What you have to do: Reproduce all the records word for word. Omit images.

Extracted information:
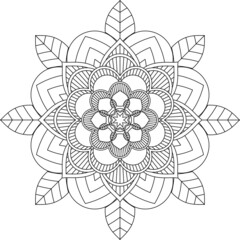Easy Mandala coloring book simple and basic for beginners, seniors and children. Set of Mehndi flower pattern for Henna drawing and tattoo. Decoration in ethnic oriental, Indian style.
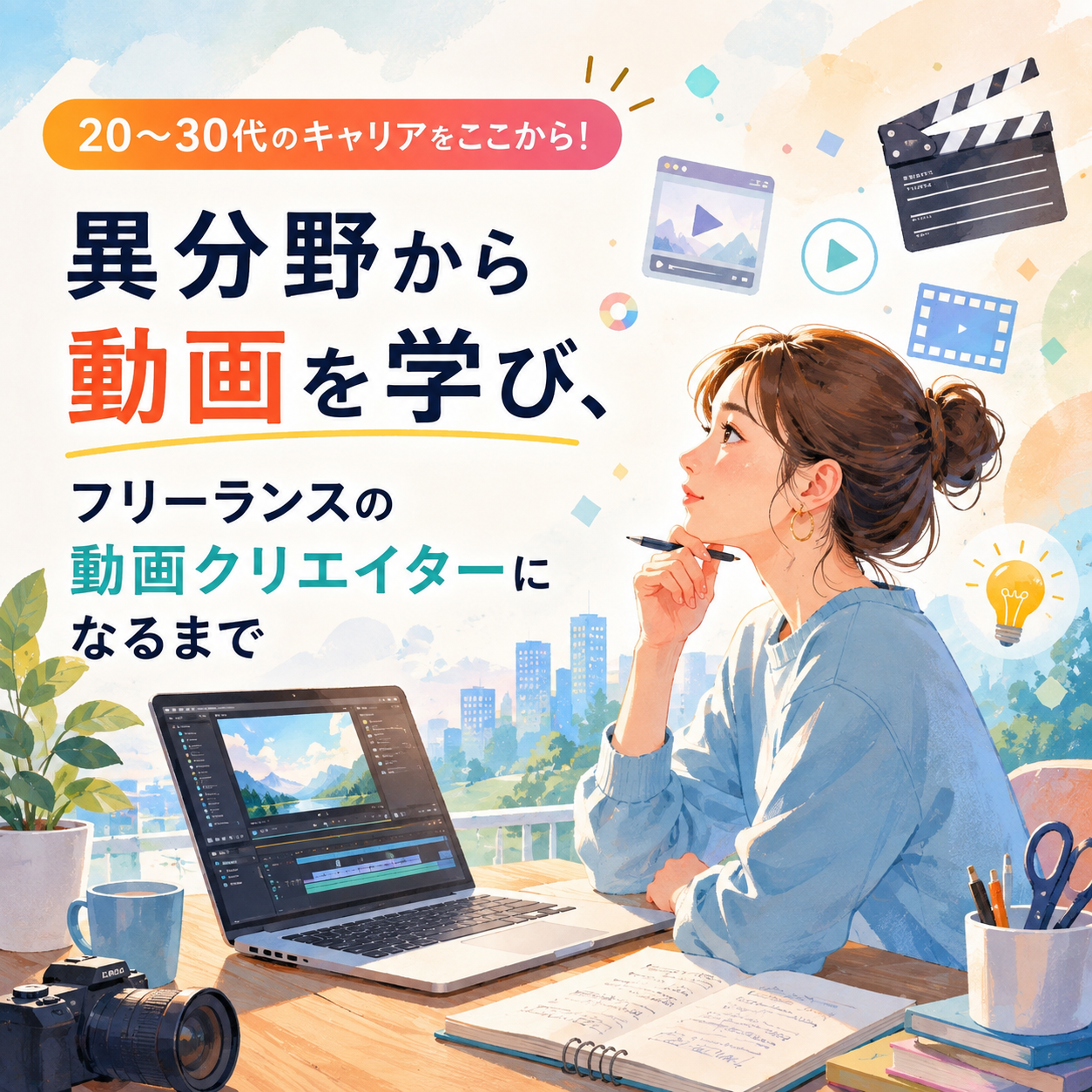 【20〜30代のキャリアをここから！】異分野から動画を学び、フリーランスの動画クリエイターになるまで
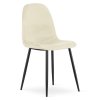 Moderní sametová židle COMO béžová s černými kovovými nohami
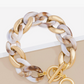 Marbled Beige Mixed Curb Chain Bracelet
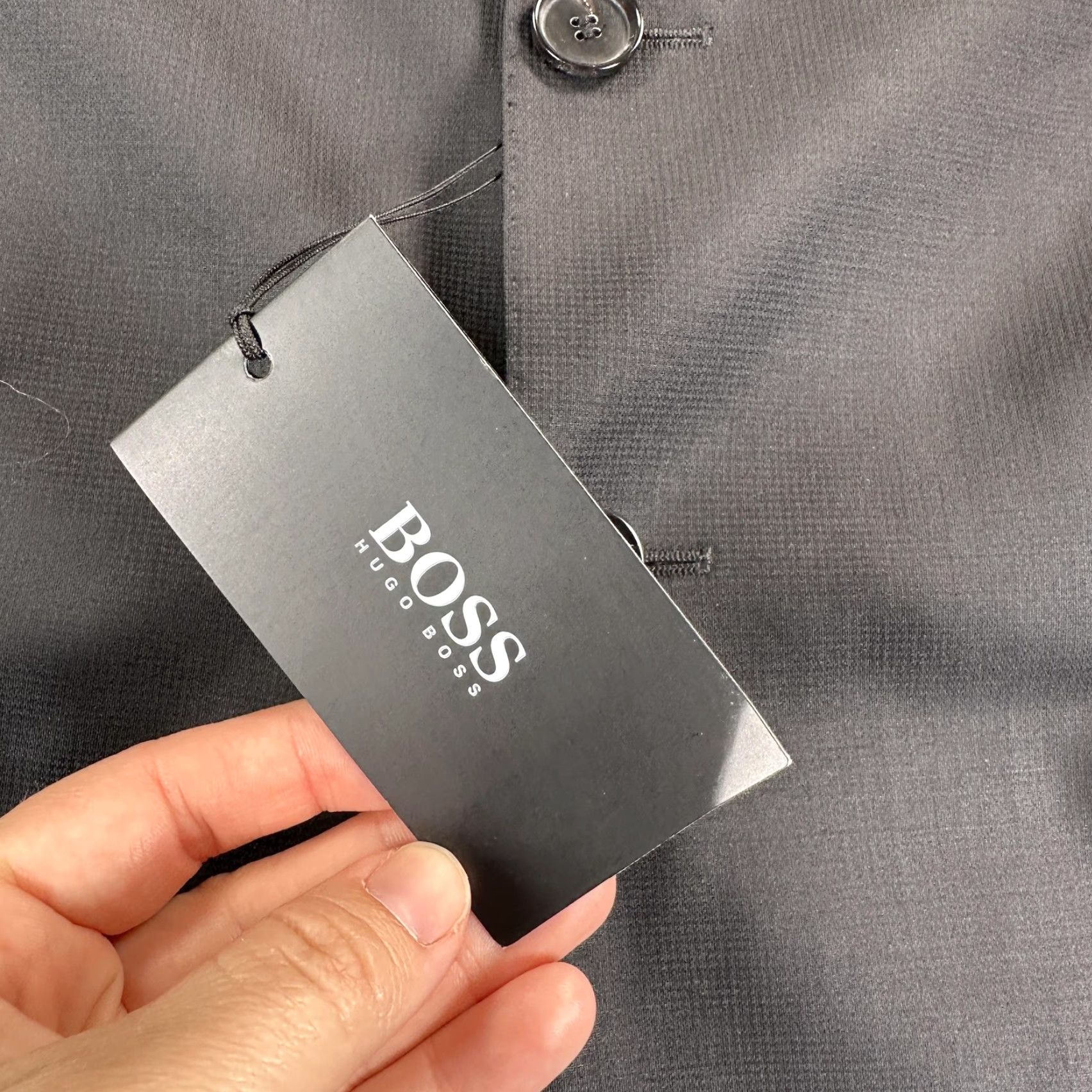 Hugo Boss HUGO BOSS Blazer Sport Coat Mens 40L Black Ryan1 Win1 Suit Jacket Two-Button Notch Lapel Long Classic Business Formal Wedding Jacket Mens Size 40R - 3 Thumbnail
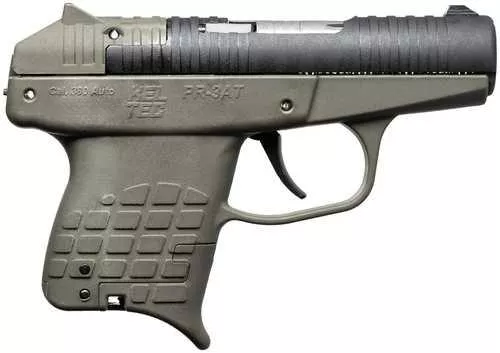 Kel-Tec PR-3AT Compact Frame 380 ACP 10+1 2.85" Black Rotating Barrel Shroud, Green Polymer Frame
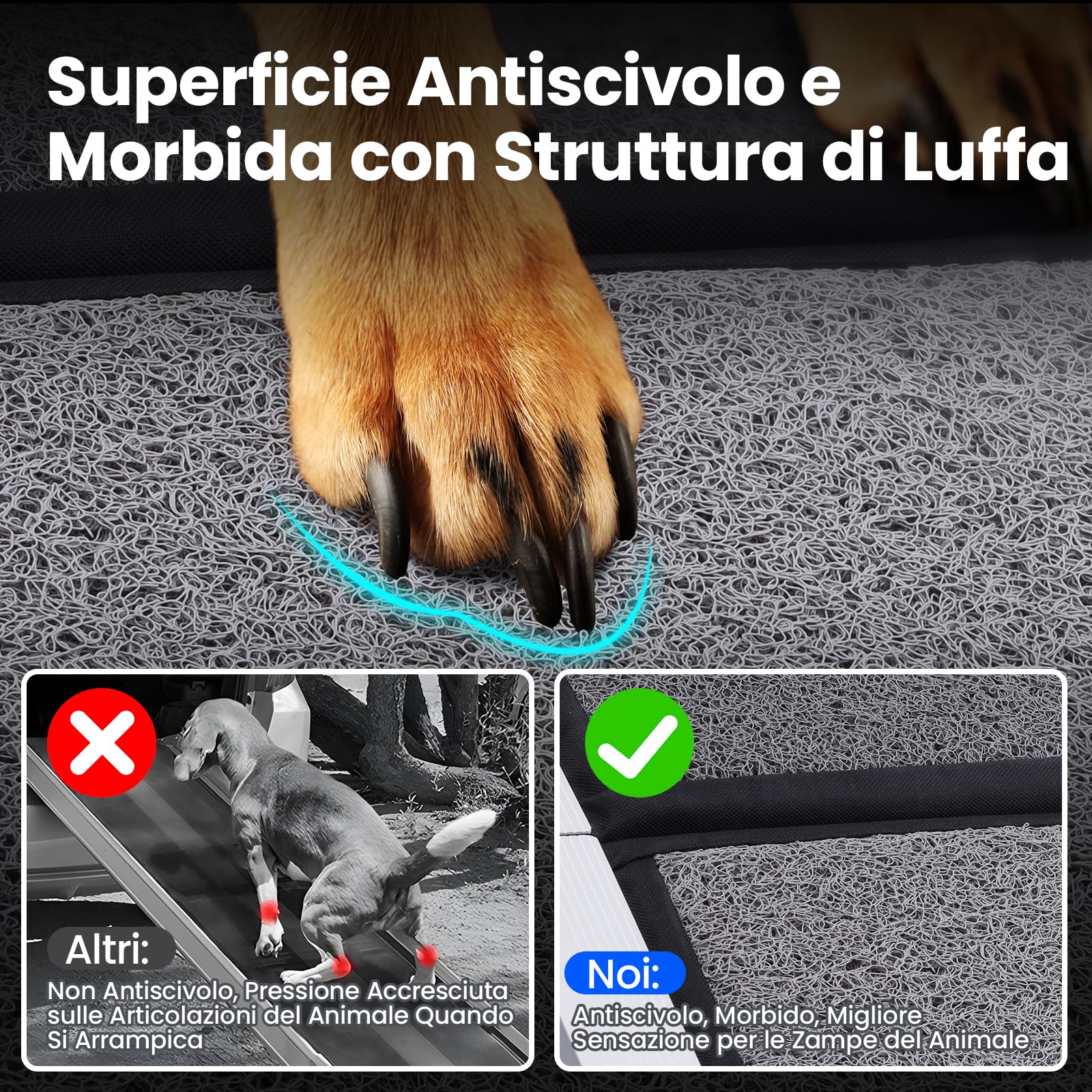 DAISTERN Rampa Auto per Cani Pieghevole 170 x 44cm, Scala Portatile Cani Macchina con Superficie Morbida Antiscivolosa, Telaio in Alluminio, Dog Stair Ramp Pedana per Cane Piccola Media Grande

Written answer:
Easy Mandala coloring book simple and basic for beginners, seniors and children. Set of Mehndi flower pattern for Henna drawing and tattoo. Decoration in ethnic oriental, Indian style.
 【20〜30代のキャリアをここから！】異分野から動画を学び、フリーランスの動画クリエイターになるまで
 Moderní sametová židle COMO béžová s černými kovovými nohami
 Marbled Beige Mixed Curb Chain Bracelet
 Hugo Boss HUGO BOSS Blazer Sport Coat Mens 40L Black Ryan1 Win1 Suit Jacket Two-Button Notch Lapel Long Classic Business Formal Wedding Jacket Mens Size 40R - 3 Thumbnail
 Kel-Tec PR-3AT Compact Frame 380 ACP 10+1 2.85" Black Rotating Barrel Shroud, Green Polymer Frame
 DAISTERN Rampa Auto per Cani Pieghevole 170 x 44cm, Scala Portatile Cani Macchina con Superficie Morbida Antiscivolosa, Telaio in Alluminio, Dog Stair Ramp Pedana per Cane Piccola Media Grande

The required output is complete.